O príncipe Filipe parece ter sido geralmente apreciado por seus contemporâneos: "dinâmico, bem-humorado e sincero", piedoso, com um "corpo vivo e uma disposição pacífica", embora com uma constituição relativamente fraca.[5] A comparação do príncipe com Dom Carlos que fora desobediente e, em última análise, insano era geralmente positiva, embora alguns comentassem que o príncipe Filipe parecia menos inteligente e politicamente competente do que seu falecido irmão.[5] De fato, embora Filipe tenha sido educado em latim, francês, português e astronomia, e pareça ter sido um linguista competente,[4] historiadores recentes suspeitam que grande parte do foco de seus tutores era evitar relatar que, em relação as línguas, ele não era de fato particularmente inteligente ou talentoso academicamente.[6] No entanto, Filipe não parece ter sido ingênuo — sua correspondência com as filhas mostra um traço cauteloso em seus conselhos sobre como lidar com intrigas na corte.[7]
Filipe conheceu o marquês de Denia — o futuro duque de Lerma -, então, um cavalheiro da câmara do rei, no início da adolescência.[8] Lerma e Filipe tornaram-se amigos íntimos, mas Lerma foi considerado inadequado pelos tutores do rei e do príncipe. Lerma foi despachado para Valência como vice-rei em 1595, com o objetivo de remover Filipe de sua influência, porém, depois que Lerma alegou problemas de saúde, ele foi autorizado a retornar dois anos depois.[6] Neste momento, com problemas de saúde, o rei Filipe II estava cada vez mais preocupado com o futuro do príncipe e tentou estabelecer Moura como um futuro conselheiro de confiança de seu filho, reforçando a posição de Loaysa, nomeando-o arcebispo.[9] No ano seguinte, Filipe II morreu após uma doença dolorosa, deixando o Império Espanhol nas mãos de seu filho (e sobrinho), Filipe III.
Filipe se casou com sua prima, Margarida da Áustria, em 18 de abril de 1599, um ano depois de se tornar rei. Margarida, irmã do futuro imperador Fernando II, seria uma das três mulheres na corte de Filipe que aplicaria considerável influência sobre o rei.[10] Margarida era considerada pelos contemporâneos extremamente piedosa — em alguns casos, excessivamente piedosa e muito influenciada pela Igreja[11] — 'astuta e muito habilidosa' em suas relações políticas,[12] embora 'melancólica' e infeliz. Se opôs à influência do duque de Lerma sobre o marido na corte e travou uma batalha contínua por influência até sua morte em 1611. Filipe teve um "relacionamento afetuoso e íntimo" com Margarida e se tornou mais afetuoso depois que ela deu à luz um filho em 1605.[13]

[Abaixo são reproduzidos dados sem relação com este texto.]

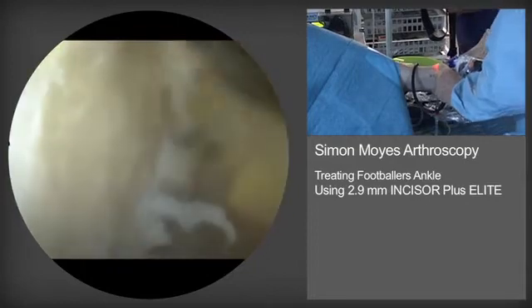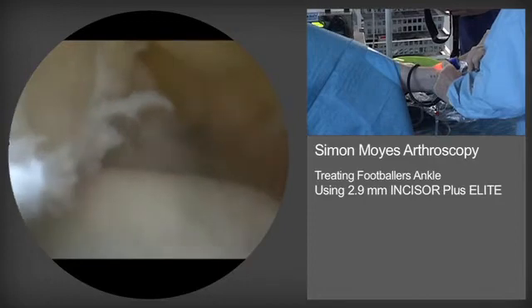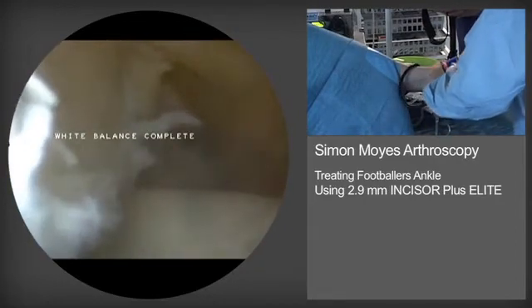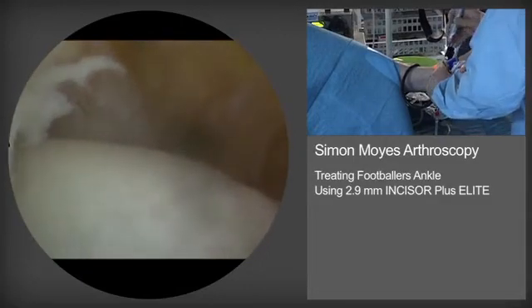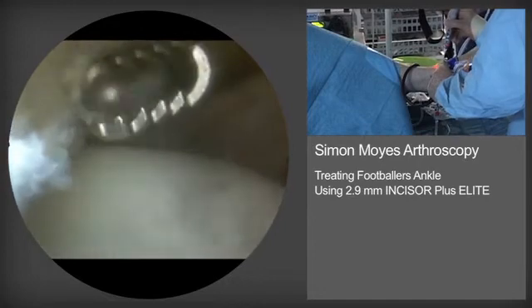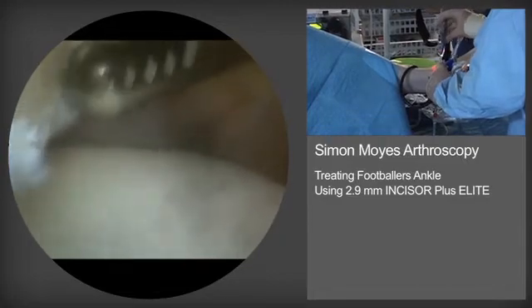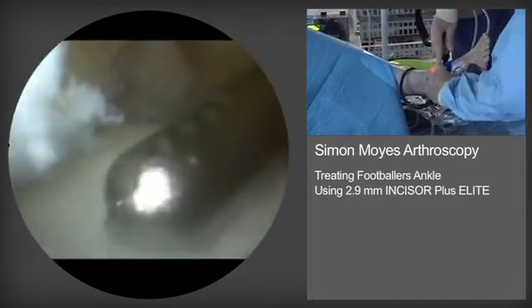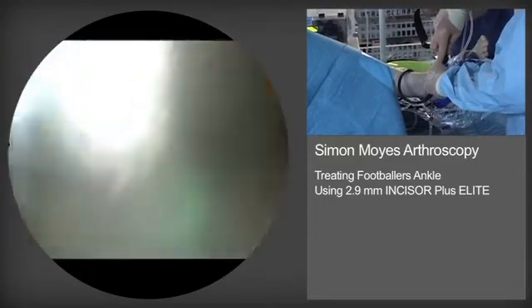The same technique is used for dorsal talar spurs as well. The soft tissue resector has been reintroduced to clear residual soft tissue from the most inferior element of the distal tibial plafond, gently dusting off the area that has been worked on by the spur.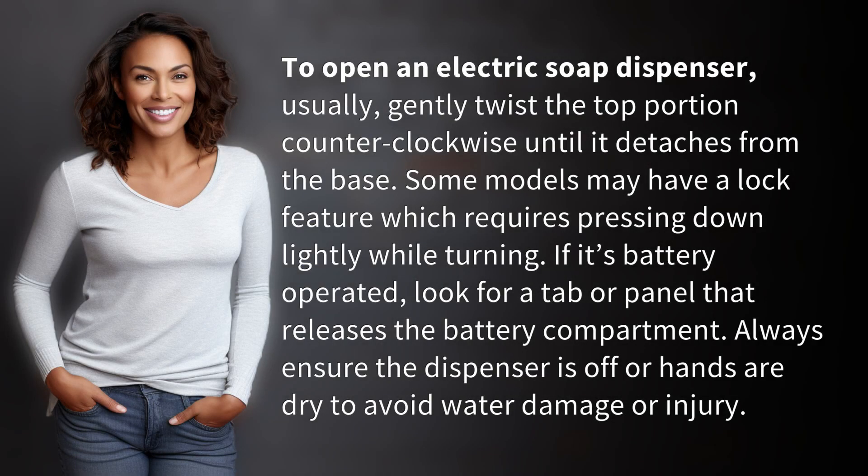To open an electric soap dispenser, usually gently twist the top portion counterclockwise until it detaches from the base. Some models may have a lock feature which requires pressing down lightly while turning.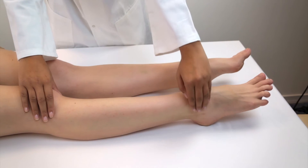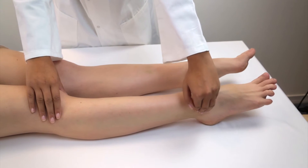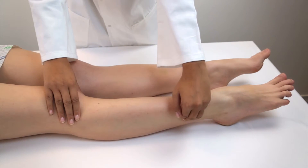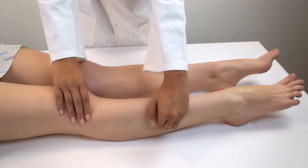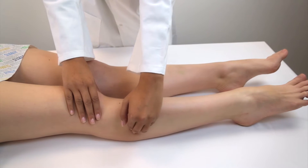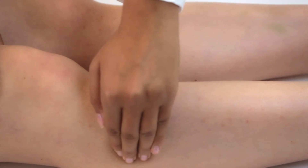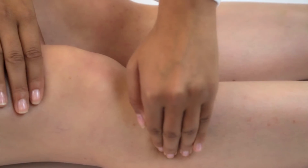Alternatively, locate the fibular head by placing your fingers on the ankle bone, on the outside of the leg, and in the groove between the calf muscles and the muscles at the front of the leg. Run your fingers upwards towards the knee until you feel the round protrusion at the top of the fibular bone — the fibular head.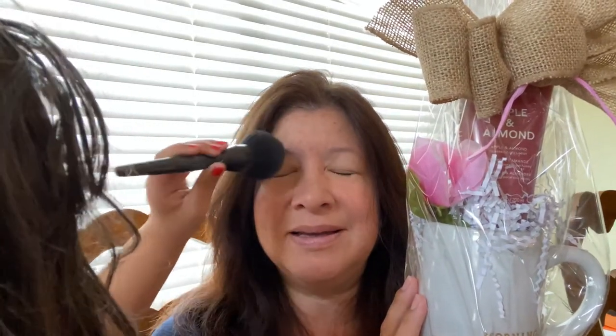Melissa mentions she's been sharing these on Instagram and Facebook and is putting together some gift products. She shows a mug with 'Morning Sunshine' on it as part of a gift set, while Isabella playfully applies some product on her mom's lips.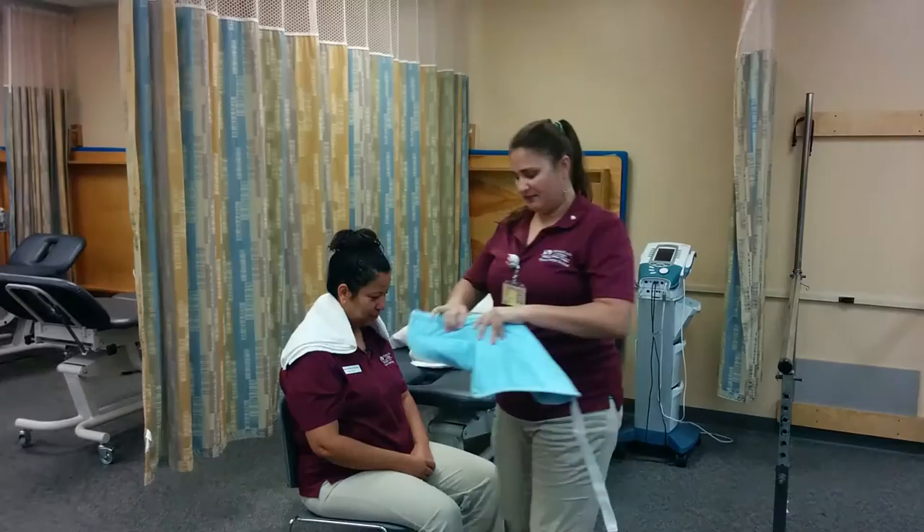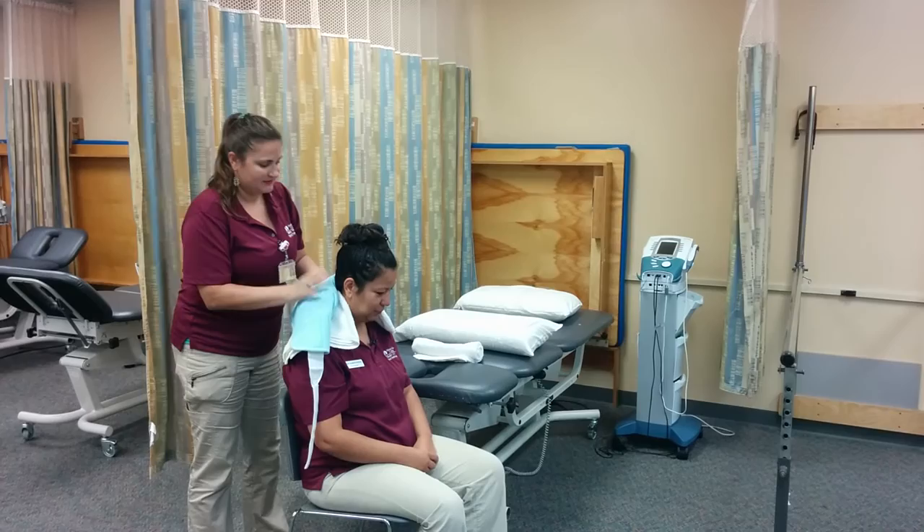And I'm going to apply this hot pack right here. Let me know if that feels okay. You good there? Everything doing good? All right.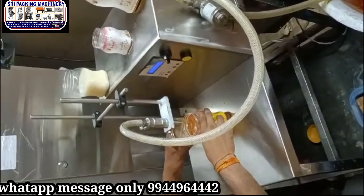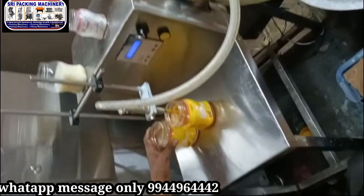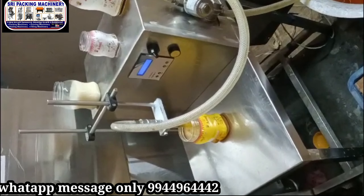Hello, I am Sripak Sinivasan. I am going to show you my fillings in one head. We will fill in the bottle and pouches.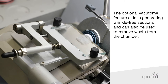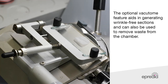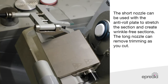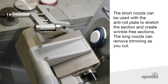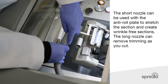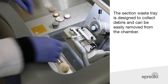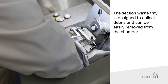The optional vacuum tone feature aids in generating wrinkle-free sections and can also be used to remove waste from the chamber. The short nozzle can be used with the anti-roll plate to stretch the section and create wrinkle-free sections. The long nozzle can be used to remove trimming as you cut. The section waste tray is designed to collect debris and can be easily removed from the chamber.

Margarida, ao lado da avó/tia de Filipe, a imperatriz Maria, formaram uma voz católica e pró-austríaca poderosa e intransigente na vida de Filipe.[14] Elas conseguiram, por exemplo, convencer o rei a fornecer apoio financeiro a Fernando a partir de 1600. Filipe, constantemente adquiriu outros conselheiros religiosos. O Padre Juan de Santa Maria, o confessor da filha de Filipe, dona Maria, foi malvisto pelos contemporâneos a ter uma influência excessiva sobre o rei no final de sua vida,[15] e tanto ele como Luis de Aliaga, o confessor do próprio Filipe, foram creditados por influenciarem a derrubada de Lerma em 1618. Da mesma forma, Mariana de San Jose, freira preferida da rainha Margarida, também foi criticada por sua influência posterior sobre as ações do rei.[16]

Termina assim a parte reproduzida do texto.